# Searching and Filter Functionality



## Les T (Jun 3, 2018)

Hi,
I've loaded 4 years of photos in LR CC. Each year is an album.  In LR Classic I've extensively used keywords and retained them in LR CC. In Classic I have a number of Collections for projects, holidays, etc.

Adobe seems to be suggesting that in LR CC creating further albums (collections) is a thing of the past and searching is becoming quicker and easier especially with the AI image recognition functionality.  However I'm struggling to understand how I can use it successfully. 

I have a keyword of "Family".  If I search for Family the search algorithm ignores the keyword and lists images it thinks are of a family. Which is good but not 100%. I can miss key-worded images and have others that are included which are not my family. I tried to trick the search by changing my keyword to "kFamily" but that was not completely successful. 

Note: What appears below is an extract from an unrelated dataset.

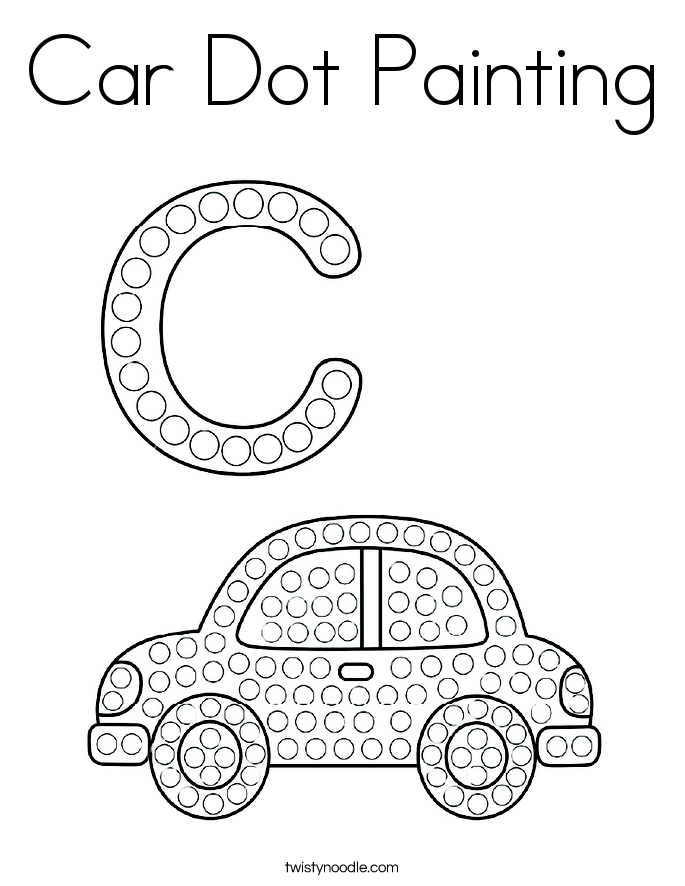 Car Dot Painting Coloring Page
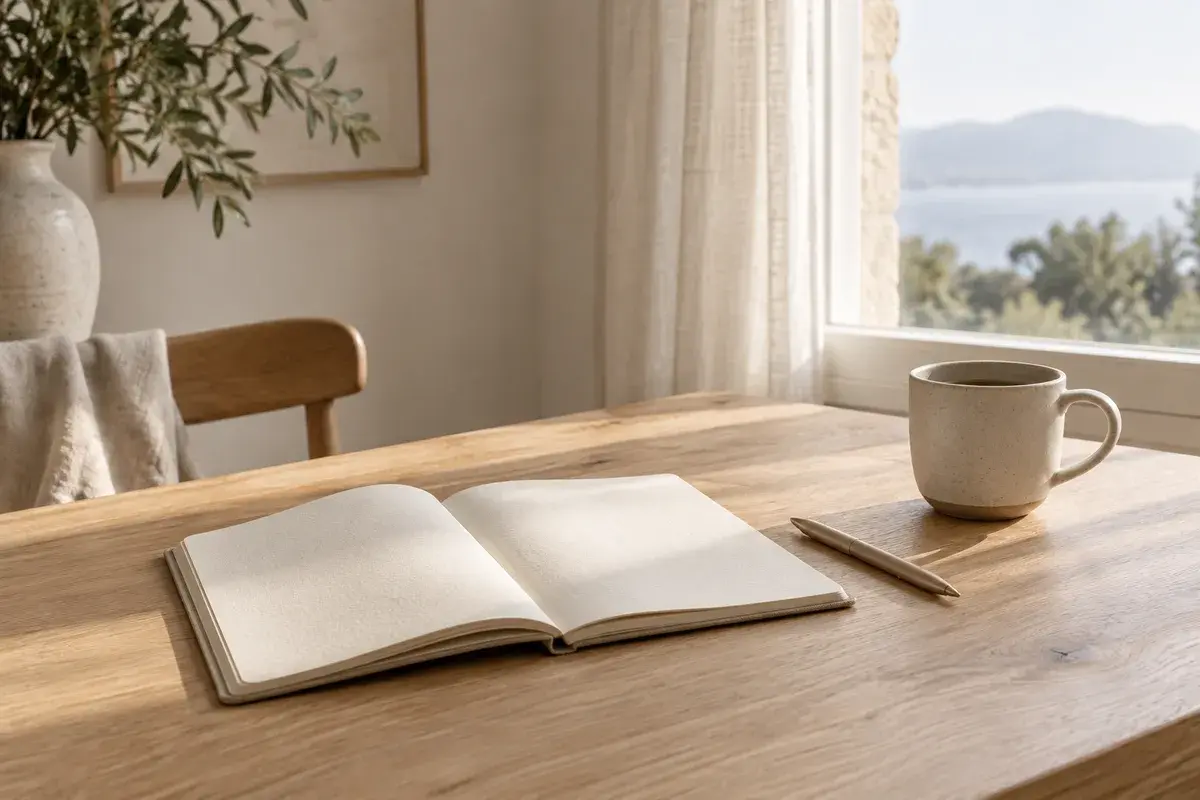 Masada açık bir defter ve yumuşak gün ışığı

The keyword *filter* drop down option is 100% correct. Problem with that is that selecting multiple keywords results in an OR selection. Can't see and way of making that an AND selection? I want to search for Family and Holidays and Ethan (my grandson).

Regards,
    Les


----------



## Jim Wilde (Jun 3, 2018)

Pending improvements in the search capabilities, I'd tackle your example search by filtering on Ethan (assuming he's the only "Ethan" in your keyword list), add the results into a temporary album, select that album then filter again on Holidays (I'm guessing that Family would be a bit of a redundancy, so not needed). That'll give you all pictures with the Ethan and Holidays keywords. Not ideal, but not too difficult to do.


----------



## Les T (Jun 4, 2018)

Hi Jim,
Thanks for the reply.
My main take from your reply is that searching/filtering needs more work from Adobe and its not just my poor understand of the functionality.
For the foreseeable future my weapon of choice is LR Classic.  I'm using them as separate tools. As mentioned previously I've loaded 4 years of images into LR CC to see how it works. Occasionally I'll load a few new photos in both and see if I can produce similar results.  As an amateur I have the luxury of time do this. 
I'm using it to edit my iPhone images. If there are any good keepers I down load them from LR CC and them upload to LR Classic.  I don't have any syncing between the two.
I'm looking forward to seeing how LR CC progresses over time.
Regards,
   Les


----------